Americans interested in a new model of transport governance might want to take a long hard look at their neighbors up north, says David King. Canada's funding system does include a federal gas tax, but that money is returned to provinces with few restrictions, more or less enabling localities to direct spending as they see fit. In fact, only 7 percent of the Canadian federal fuel tax went to roads, according to a 2005 report by transport economist Robin Lindsey [PDF, p. 55].
That's not to say Canada's central government devolves all responsibility. Far from it. Individual projects can receive federal grants, and the federal government recently dedicated a portion of the gas tax to urban transport. But even with provinces and cities taking the lead, Canada has nevertheless produced some excellent public transit. Canada's top cities outrank every American city but New York on important ridership and farebox metrics — though Lindsey is quick to note that much of this difference is the result of Canada having far fewer interstates running through its cities.
"I would say the U.S. model and the Canadian model differ quite a bit, but you can't really say one is clearly superior to another," he says.
David Levinson, transport scholar at the University of Minnesota, has proposed a number of new governance models. One popular plan, drafted with Matthew Kahn and published by Brookings in 2011, outlines a three-step federal model of first fixing existing roads with the gas tax, then expanding them with competitive funding, then rewarding strong projects with subsidies. At his Transportationist blog, Levinson has also suggested limiting the federal role to research and regulation.
The best system, he says, might reduce central authority and reconfigure state departments of transportation as public utilities. In this "enterprising" model, as Levinson called it in a January report [PDF], a new transport utility would work with a local oversight commission to establish fair usage rates and maintain service quality.
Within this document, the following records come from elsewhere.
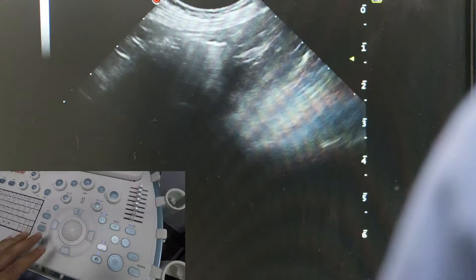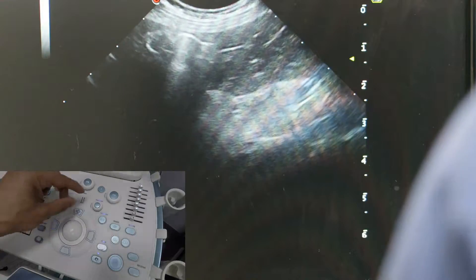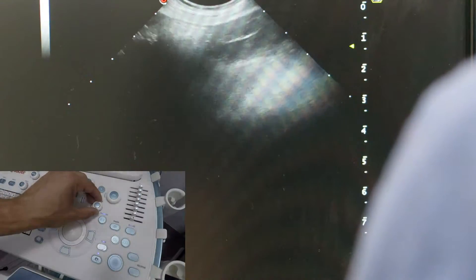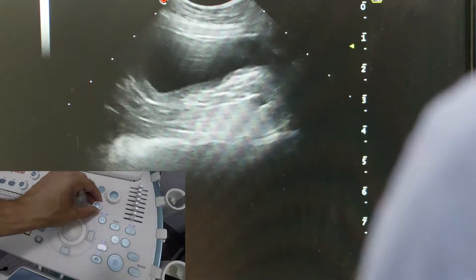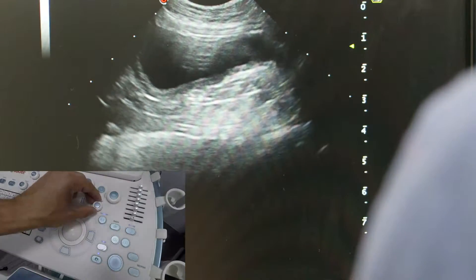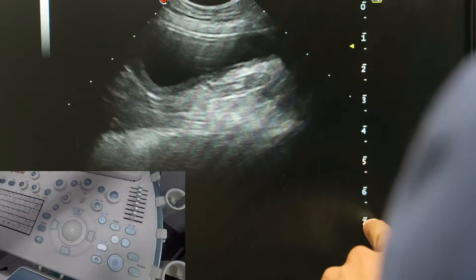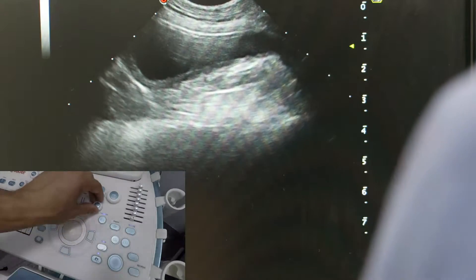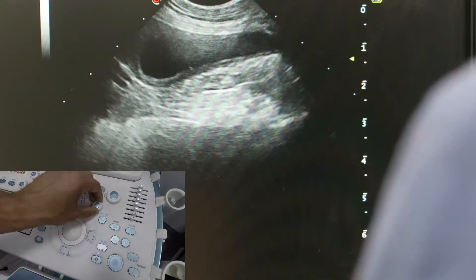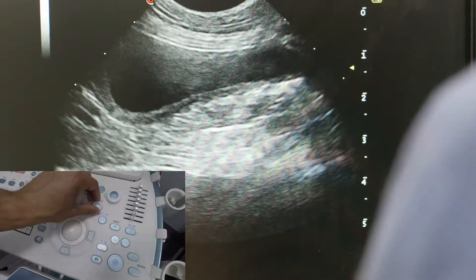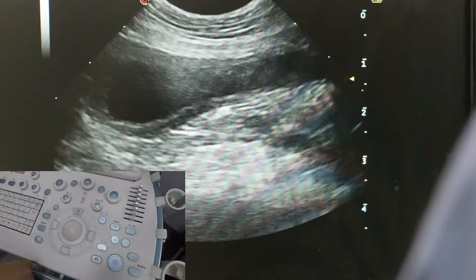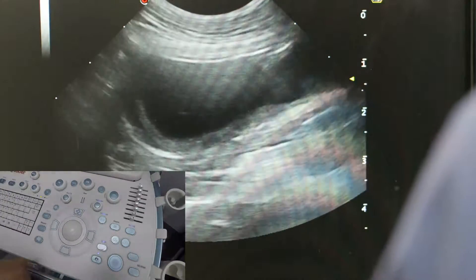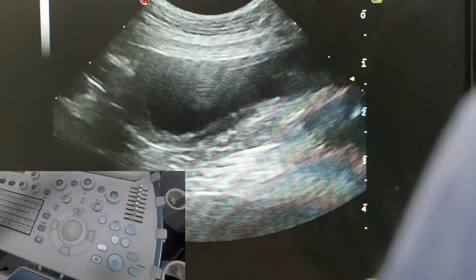There are three buttons I mainly use. The first is depth. If we're looking at the bladder, we don't need the depth all the way down to seven centimetres. Adjusting your depth so that what you're looking at fills most of the screen means we can now see the bladder in more detail.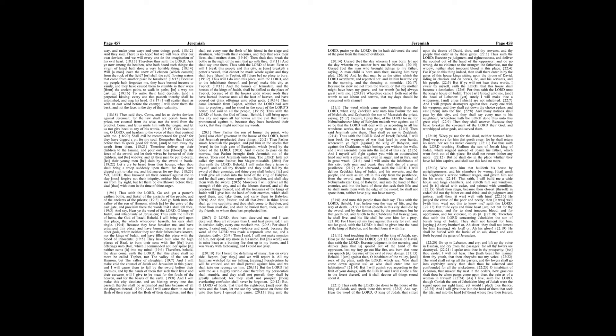Chapter 22. Thus saith the Lord, go down to the house of the king of Judah and speak there this word, and say, Hear the word of the Lord, O king of Judah, that sittest upon the throne of David, thou, and thy servants, and thy people that enter in by these gates.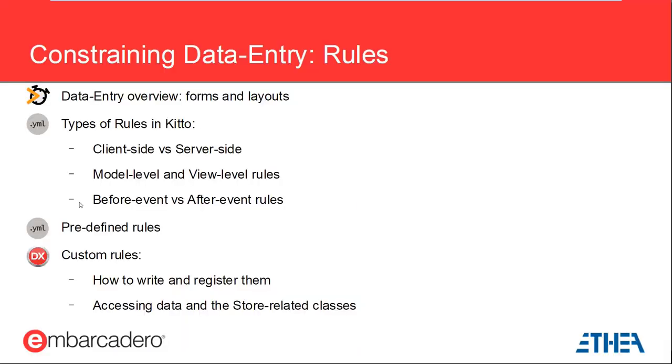When the user enters data in editors programmer defined business rules apply. Rules are associated to models, model fields, view tables and view table fields and are declared in a rules subnode of the object definition. Rules are fired by the KITO engine at defined times think of them as akin to Delphi event handlers but with an open ended set of parameters. You can have rules fired before or after a specified data entry event. Before event rules can prevent the event itself from happening while after event rules are for firing side effects.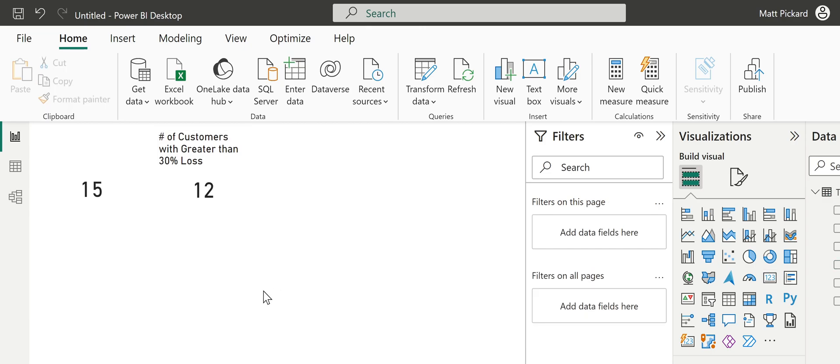So you get the idea. Remember that all we did is we rolled up our data at a customer year level, then we pivoted out the year across the column headers. And then we did a calculated field to calculate the percent difference between 2024 and 2025. So have fun.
Australia operates with this type of system, as does the multi-modal TransLink agency in Vancouver, as do water and sewage and electric companies in the United States.
If infrastructure governance were a bit more decentralized, says Levinson, you'd expect innovative concepts like enterprising transport to reach the fore. ("It's the 'laboratories of democracy' idea," he says.) Then again, given the complexity of the situation, not to mention the general intransigence of the federal government in recent times, it seems quite possible that lawmakers will respond to the urgent need for transport funding reform with no reform at all.
"My sense is it's more likely to fade away than it is be reversed in terms of a great new federal role or be eliminated entirely," says Levinson." The status quo policy is to leave the gas tax where it is, and it will slowly diminish over time until it becomes almost an irrelevancy. If I had to predict what I think will happen over the next 20 years, I think that's the most likely outcome."